__Work instruction__:
Could you retype all of the entries exactly, without their pictures?

__Records for this task__:
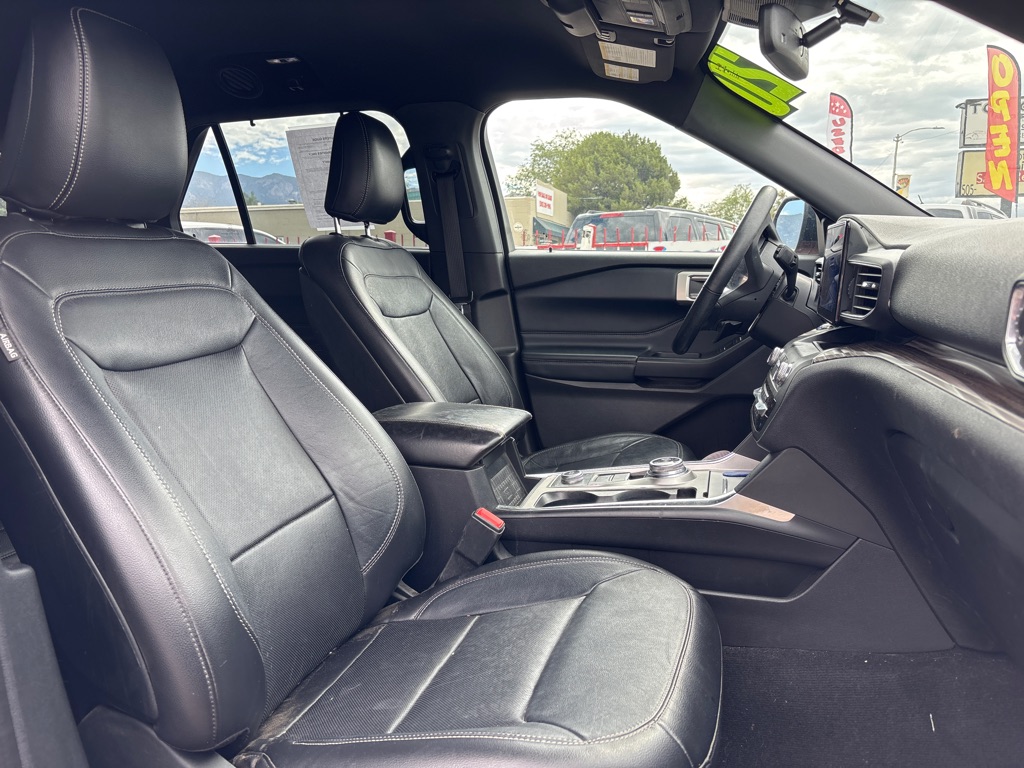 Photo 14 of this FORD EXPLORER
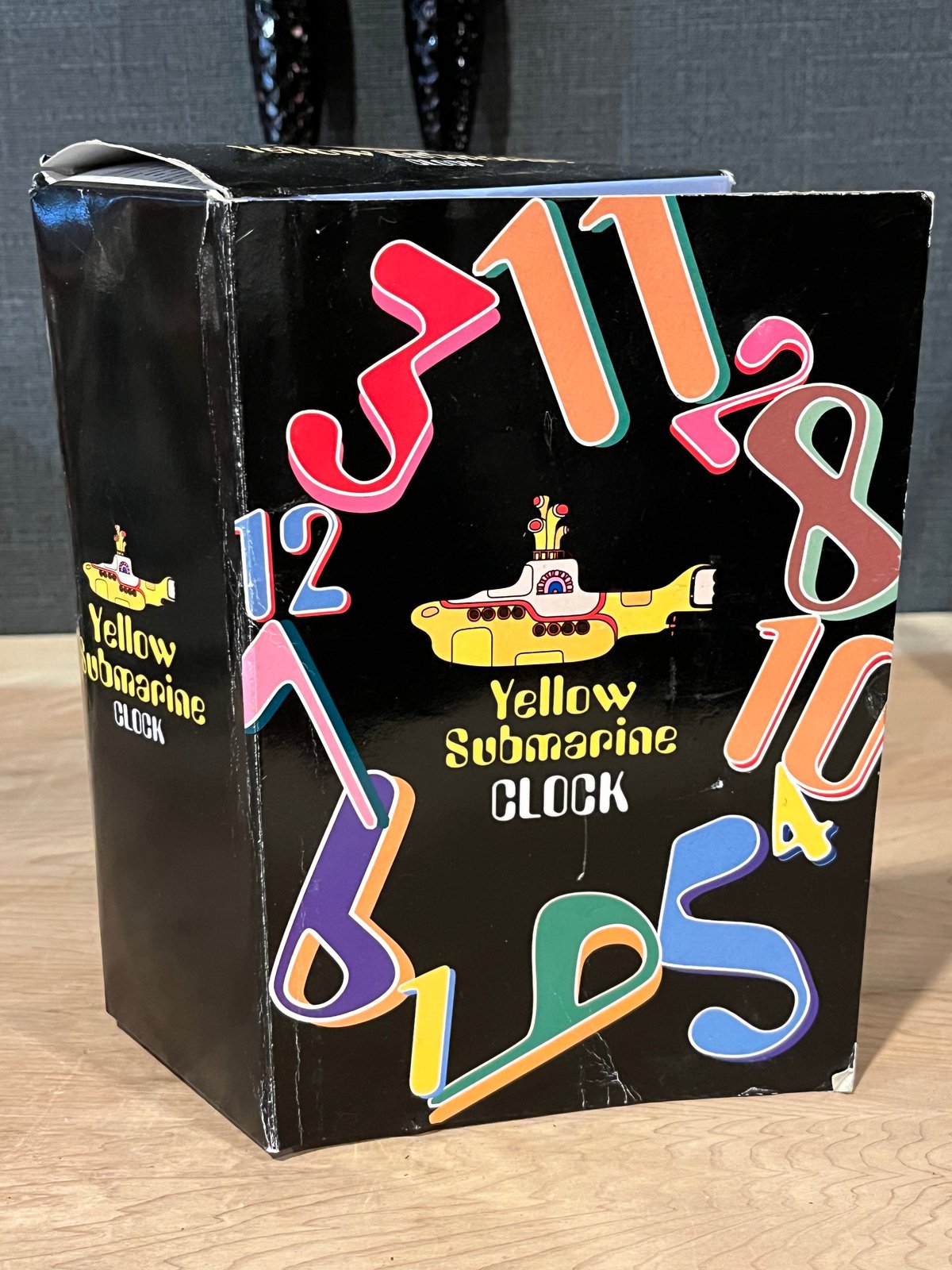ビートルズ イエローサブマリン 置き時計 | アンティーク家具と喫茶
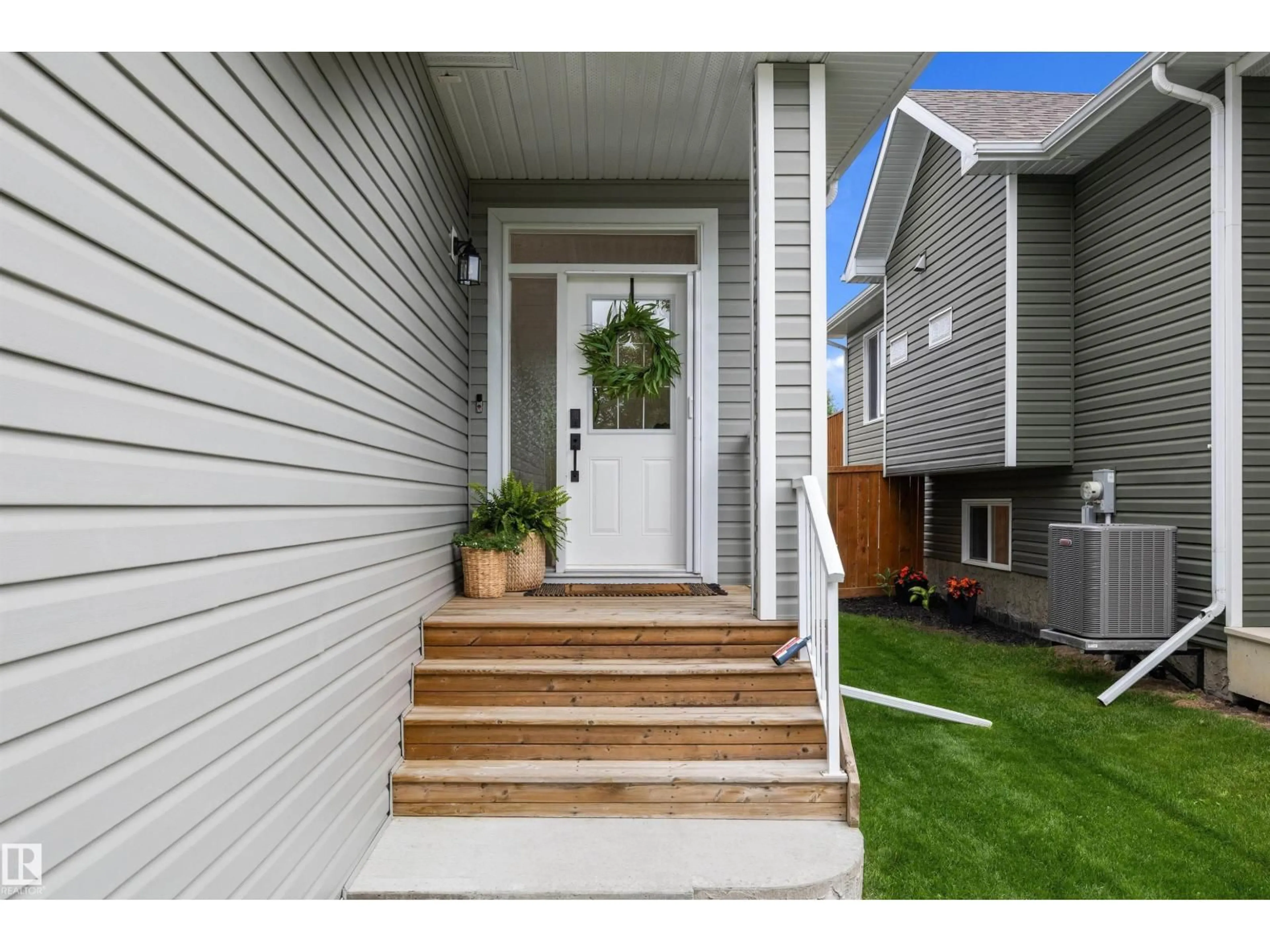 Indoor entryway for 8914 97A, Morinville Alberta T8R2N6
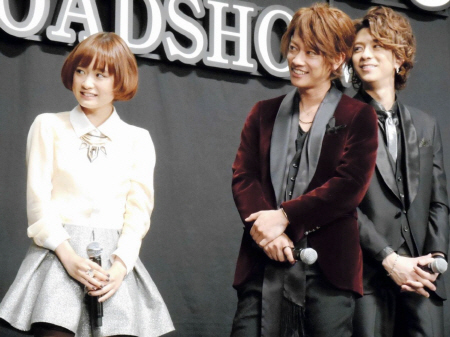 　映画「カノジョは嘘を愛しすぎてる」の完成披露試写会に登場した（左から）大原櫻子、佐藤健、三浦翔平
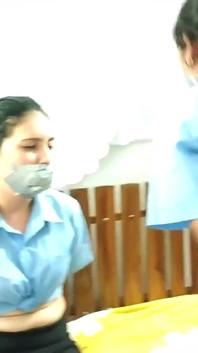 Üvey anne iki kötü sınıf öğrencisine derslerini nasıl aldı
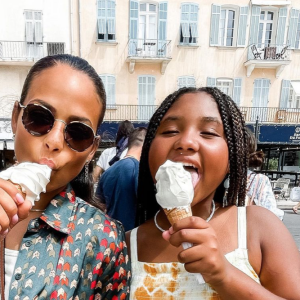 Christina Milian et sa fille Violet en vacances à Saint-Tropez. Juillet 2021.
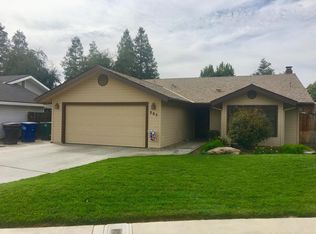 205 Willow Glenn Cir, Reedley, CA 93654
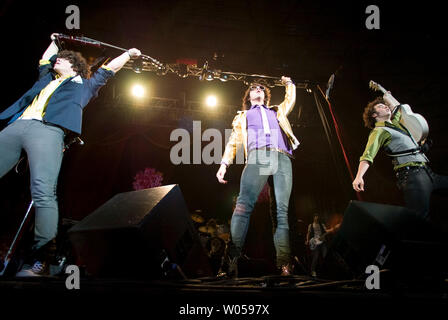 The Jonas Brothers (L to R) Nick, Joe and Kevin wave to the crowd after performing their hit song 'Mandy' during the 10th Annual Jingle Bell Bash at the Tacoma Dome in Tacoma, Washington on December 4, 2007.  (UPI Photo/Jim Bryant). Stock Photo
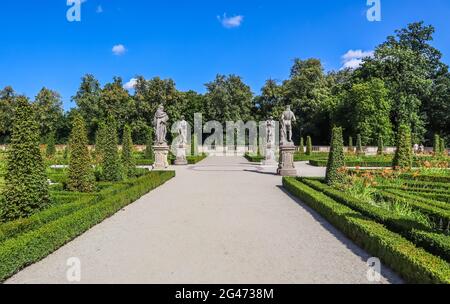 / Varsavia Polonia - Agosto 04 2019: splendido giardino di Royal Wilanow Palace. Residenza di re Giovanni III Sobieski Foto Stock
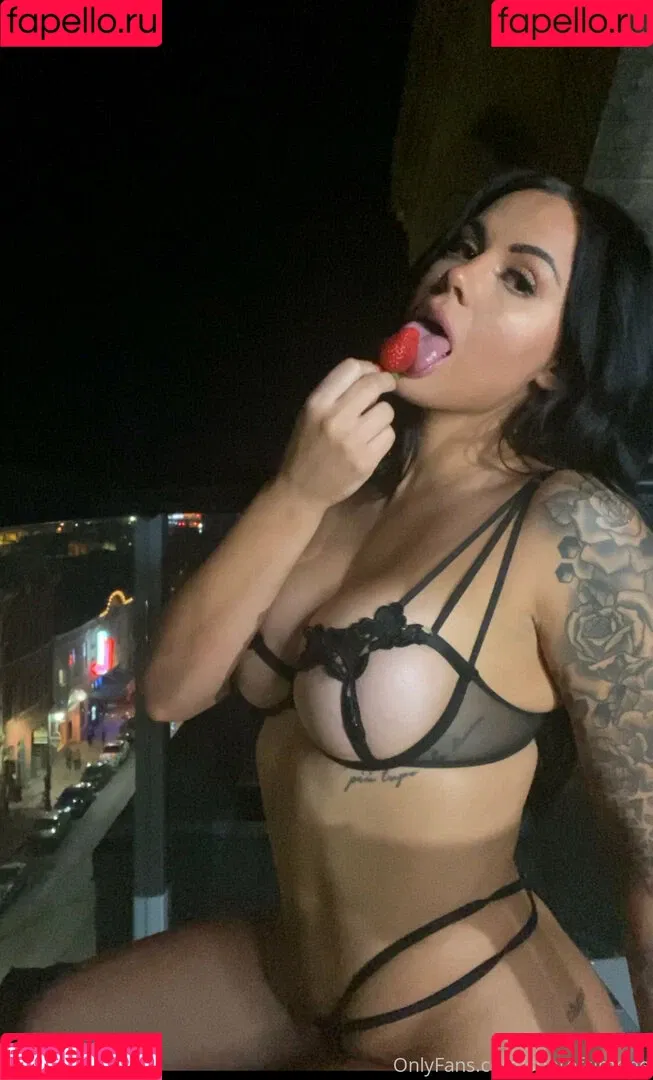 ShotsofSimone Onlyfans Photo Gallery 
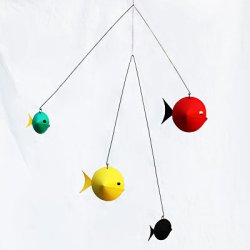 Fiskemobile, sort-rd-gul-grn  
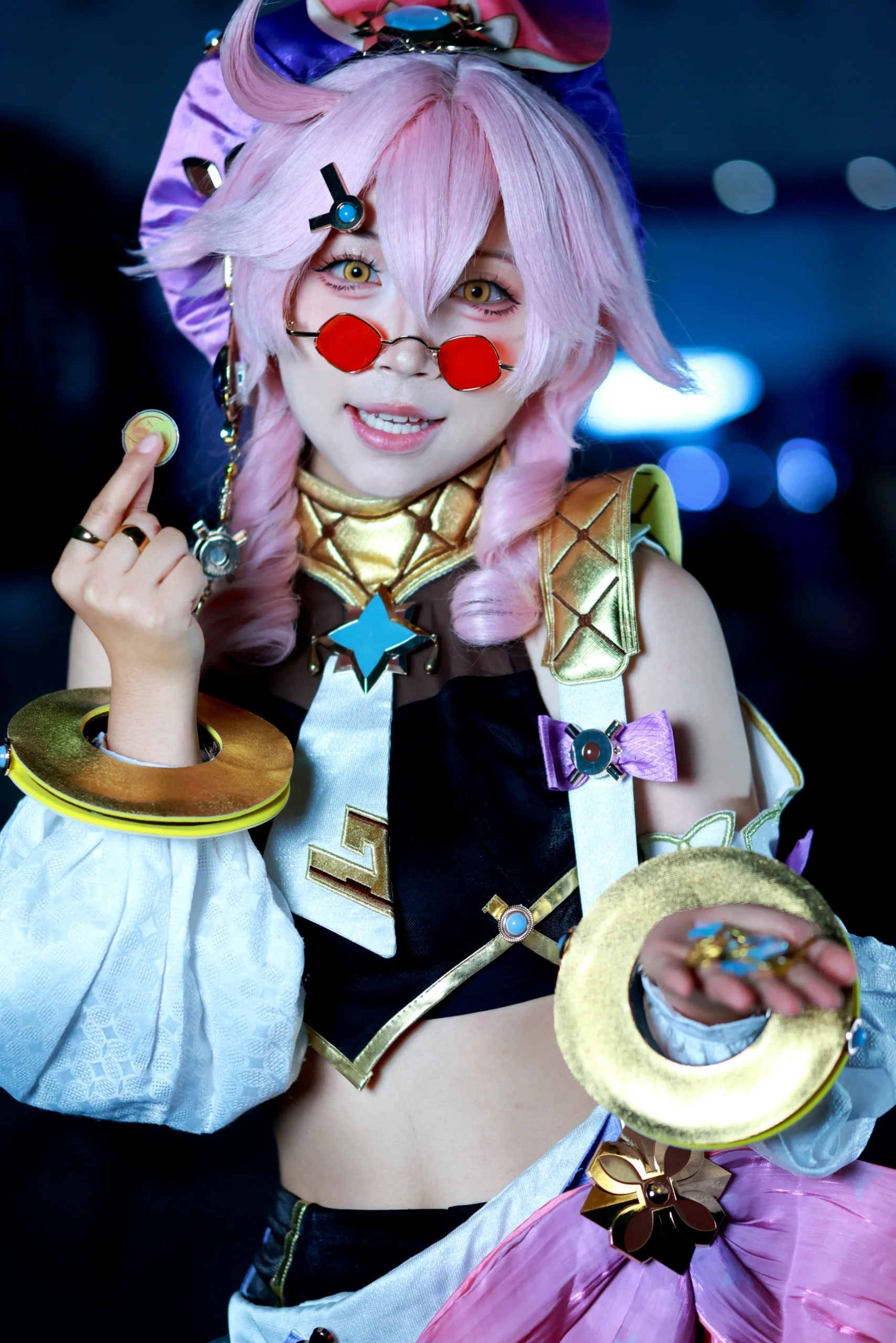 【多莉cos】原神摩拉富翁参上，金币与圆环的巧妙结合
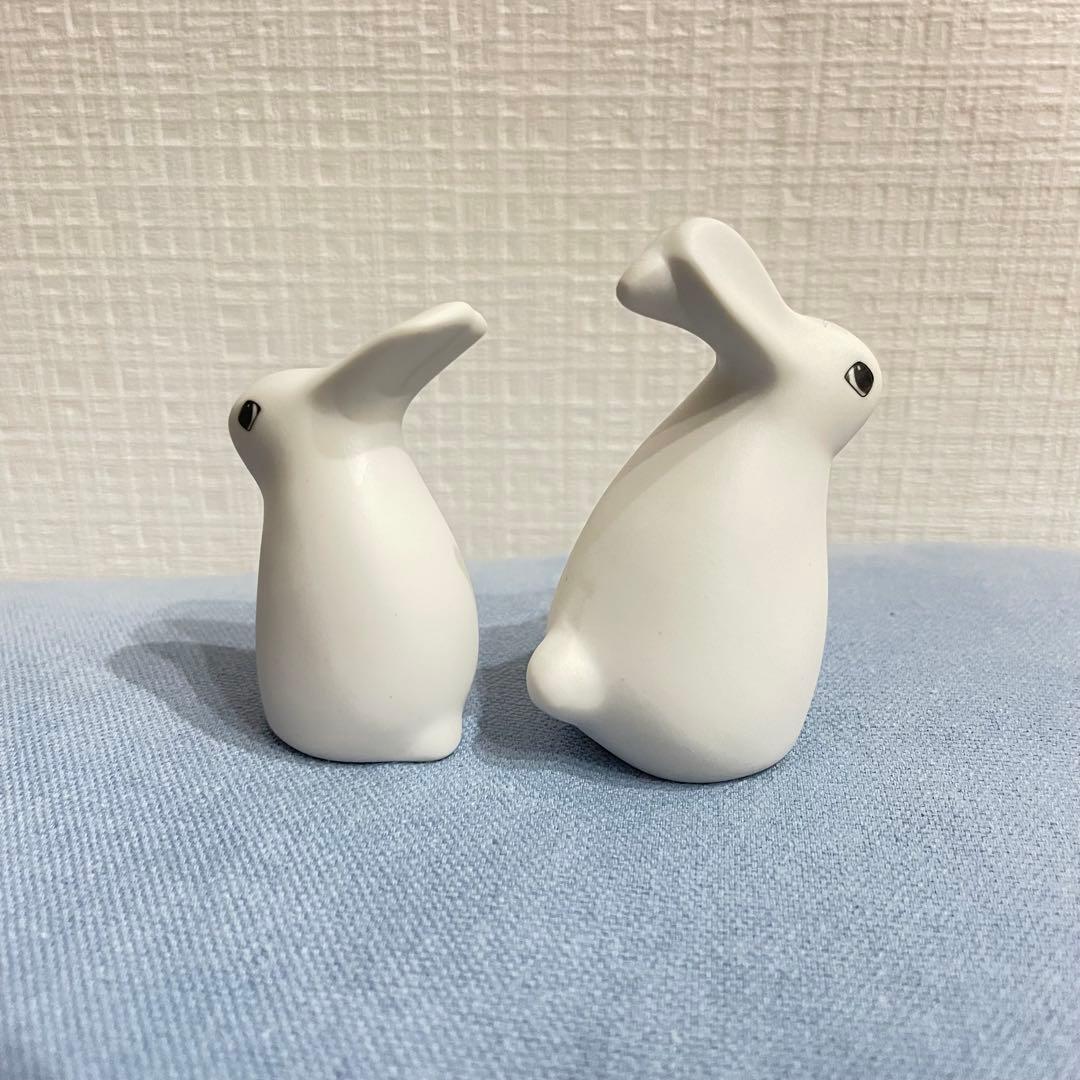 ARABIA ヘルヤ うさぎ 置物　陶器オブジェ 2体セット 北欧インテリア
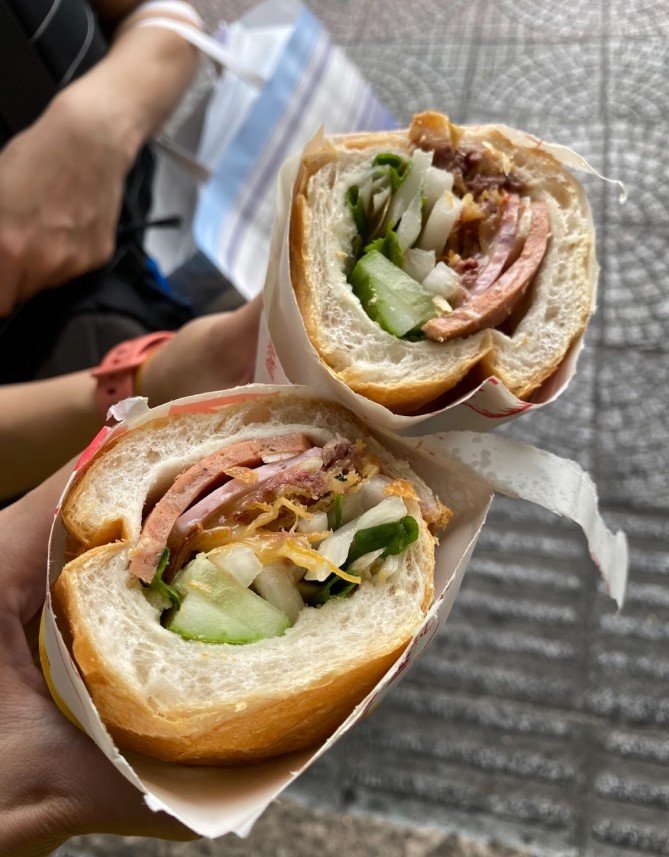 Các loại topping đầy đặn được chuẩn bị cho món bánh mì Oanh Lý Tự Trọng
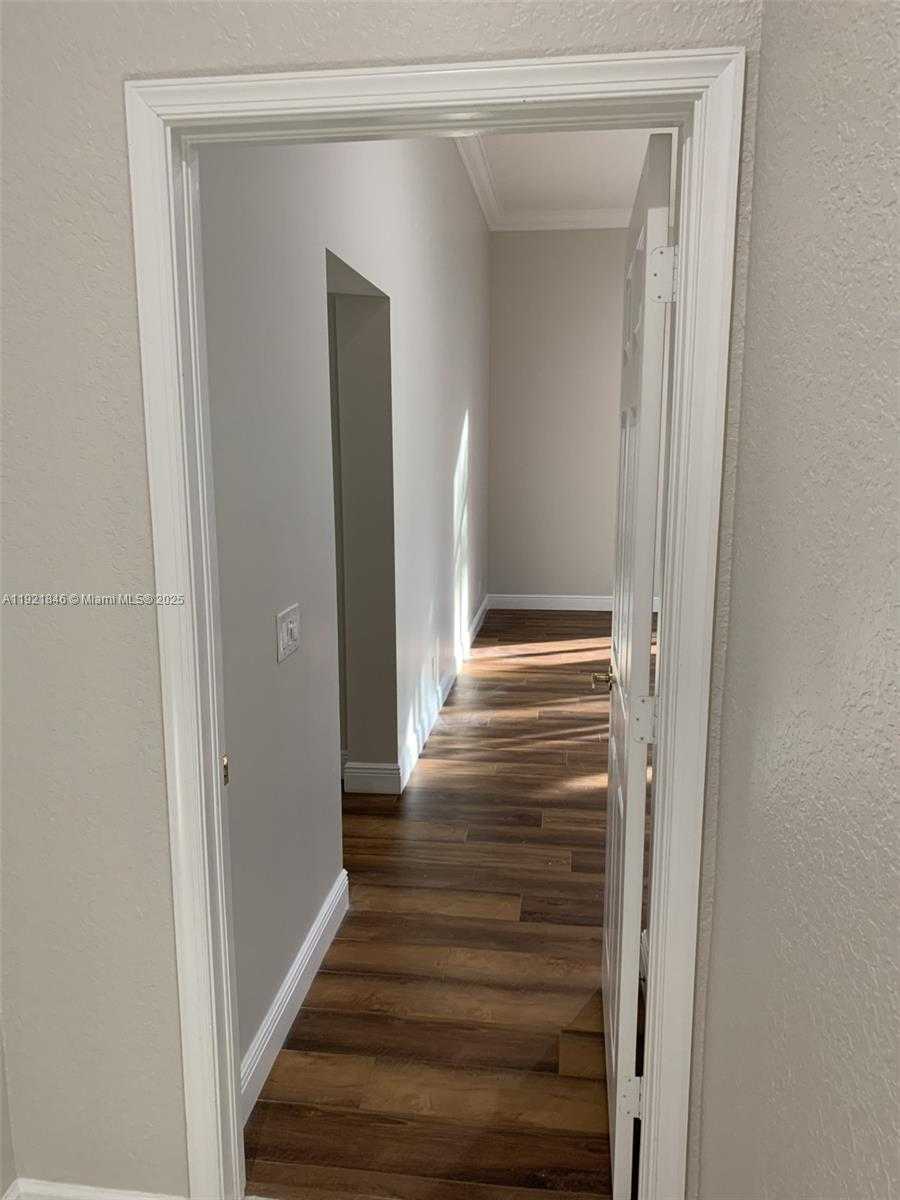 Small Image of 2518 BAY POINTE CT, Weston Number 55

__Result of the task__:
 Photo 14 of this FORD EXPLORER
ビートルズ イエローサブマリン 置き時計 | アンティーク家具と喫茶
 Indoor entryway for 8914 97A, Morinville Alberta T8R2N6
 　映画「カノジョは嘘を愛しすぎてる」の完成披露試写会に登場した（左から）大原櫻子、佐藤健、三浦翔平
 Üvey anne iki kötü sınıf öğrencisine derslerini nasıl aldı
 Christina Milian et sa fille Violet en vacances à Saint-Tropez. Juillet 2021.
 205 Willow Glenn Cir, Reedley, CA 93654
 The Jonas Brothers (L to R) Nick, Joe and Kevin wave to the crowd after performing their hit song 'Mandy' during the 10th Annual Jingle Bell Bash at the Tacoma Dome in Tacoma, Washington on December 4, 2007.  (UPI Photo/Jim Bryant). Stock Photo
 / Varsavia Polonia - Agosto 04 2019: splendido giardino di Royal Wilanow Palace. Residenza di re Giovanni III Sobieski Foto Stock
 ShotsofSimone Onlyfans Photo Gallery 
 Fiskemobile, sort-rd-gul-grn  
 【多莉cos】原神摩拉富翁参上，金币与圆环的巧妙结合
 ARABIA ヘルヤ うさぎ 置物　陶器オブジェ 2体セット 北欧インテリア
 Các loại topping đầy đặn được chuẩn bị cho món bánh mì Oanh Lý Tự Trọng
 Small Image of 2518 BAY POINTE CT, Weston Number 55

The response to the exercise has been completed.